§ **Problem**:
Retype the material that follows exactly, limited to the lines from the one with "Grundzüge und Chrestomathie" through the one with "英文原版 George Templeton", and keep out all pictures.

§ **Data**:
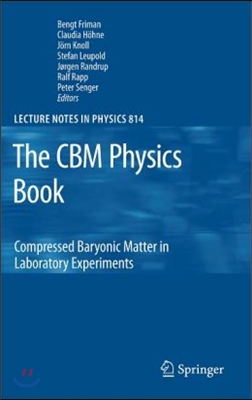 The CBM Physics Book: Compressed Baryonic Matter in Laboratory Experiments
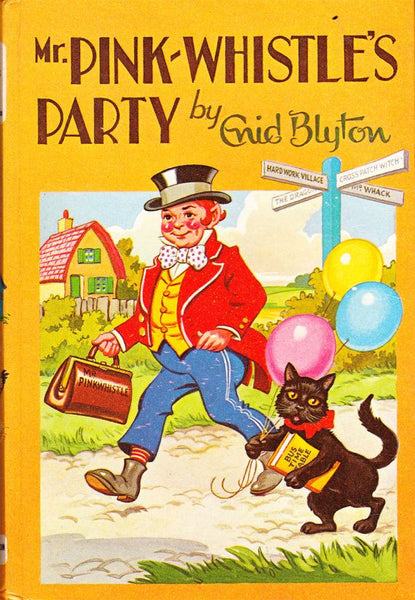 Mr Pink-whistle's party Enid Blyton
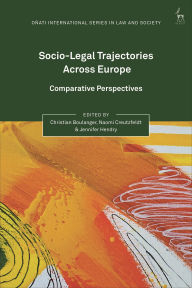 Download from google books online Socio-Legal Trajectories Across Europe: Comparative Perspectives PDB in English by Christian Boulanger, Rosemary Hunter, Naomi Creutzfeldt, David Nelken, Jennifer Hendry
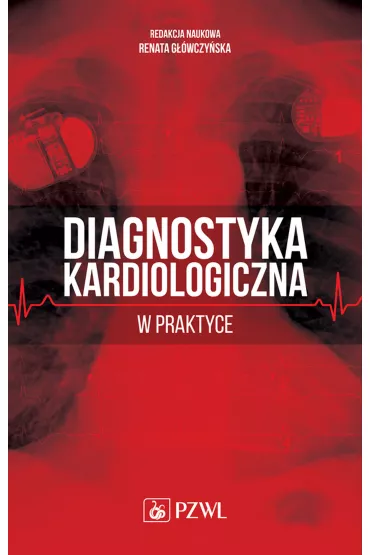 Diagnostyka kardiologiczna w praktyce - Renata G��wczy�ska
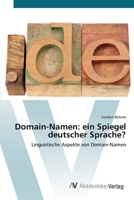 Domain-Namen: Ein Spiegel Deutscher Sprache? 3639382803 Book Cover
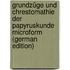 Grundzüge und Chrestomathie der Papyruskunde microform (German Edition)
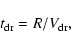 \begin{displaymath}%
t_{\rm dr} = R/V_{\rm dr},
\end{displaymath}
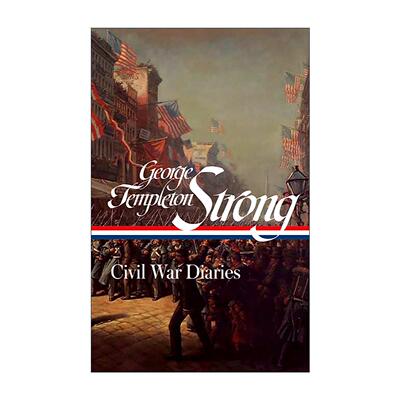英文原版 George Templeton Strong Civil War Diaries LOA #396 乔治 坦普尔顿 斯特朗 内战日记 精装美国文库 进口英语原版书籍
--
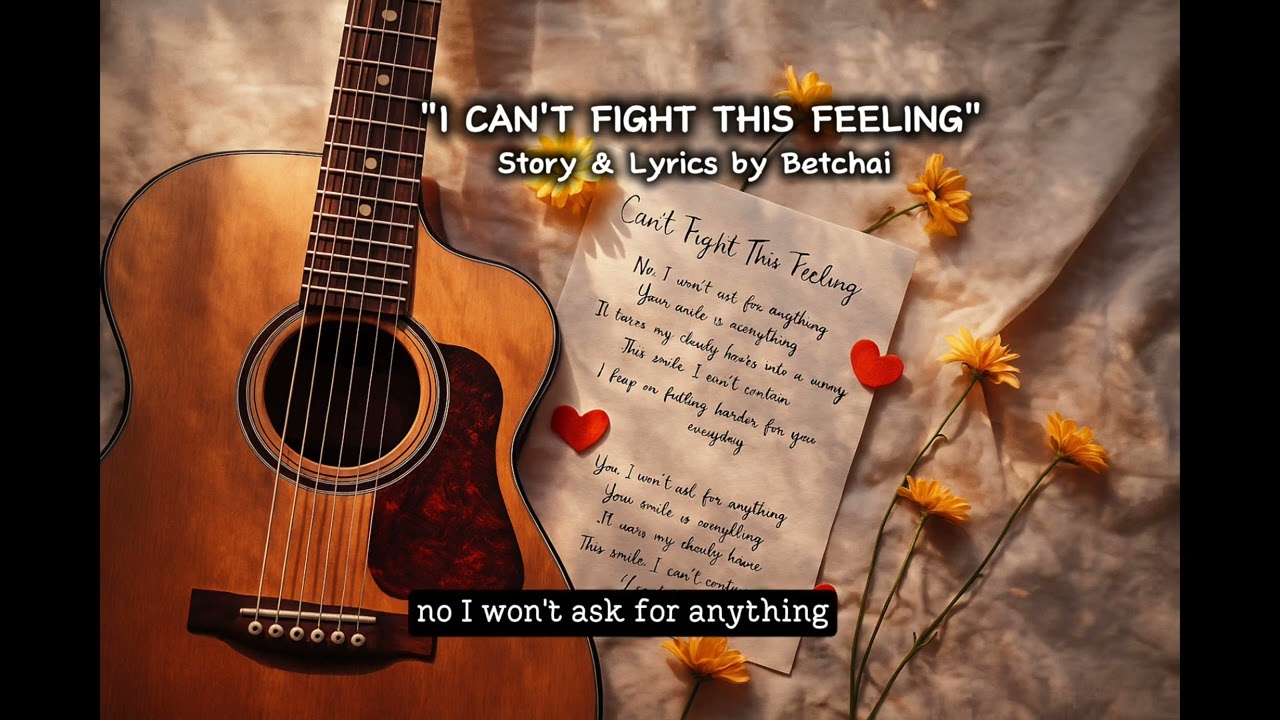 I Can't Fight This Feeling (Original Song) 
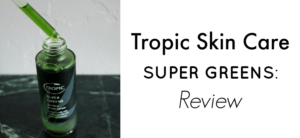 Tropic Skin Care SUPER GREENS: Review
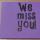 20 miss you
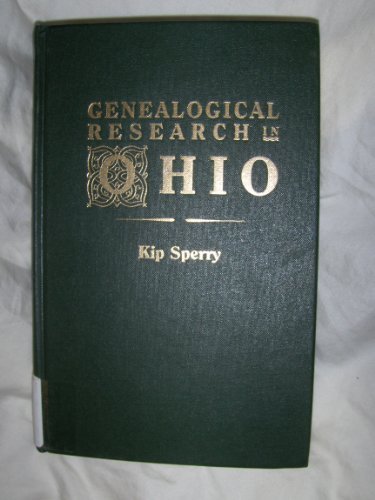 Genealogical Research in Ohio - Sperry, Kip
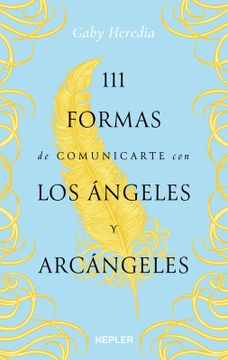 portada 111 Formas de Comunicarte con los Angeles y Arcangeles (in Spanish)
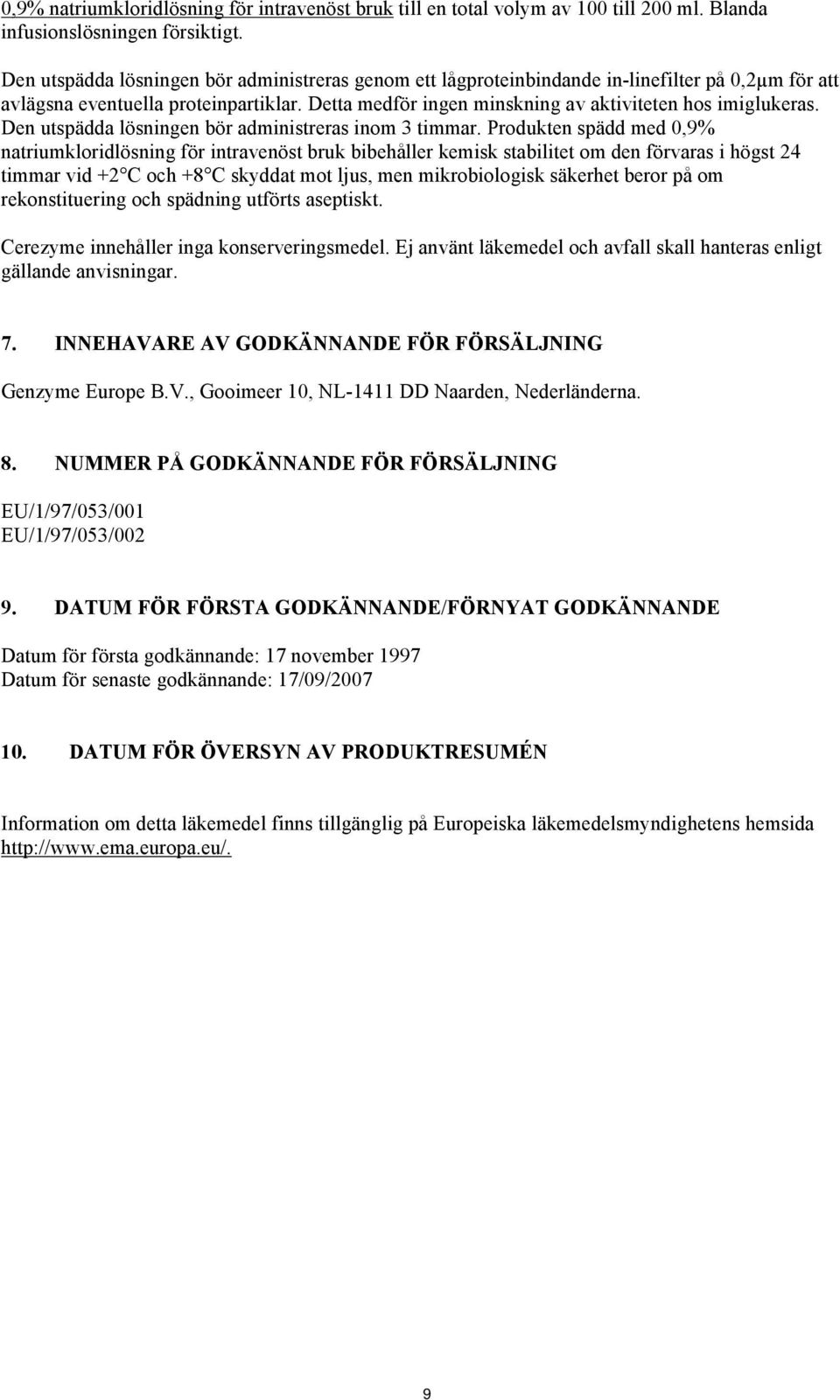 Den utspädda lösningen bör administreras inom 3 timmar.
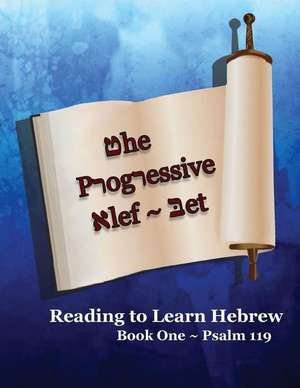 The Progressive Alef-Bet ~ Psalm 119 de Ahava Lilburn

§ **Reply to the exercise**:
 Grundzüge und Chrestomathie der Papyruskunde microform (German Edition)
 \begin{displaymath}%
t_{\rm dr} = R/V_{\rm dr},
\end{displaymath}
英文原版 George Templeton Strong Civil War Diaries LOA #396 乔治 坦普尔顿 斯特朗 内战日记 精装美国文库 进口英语原版书籍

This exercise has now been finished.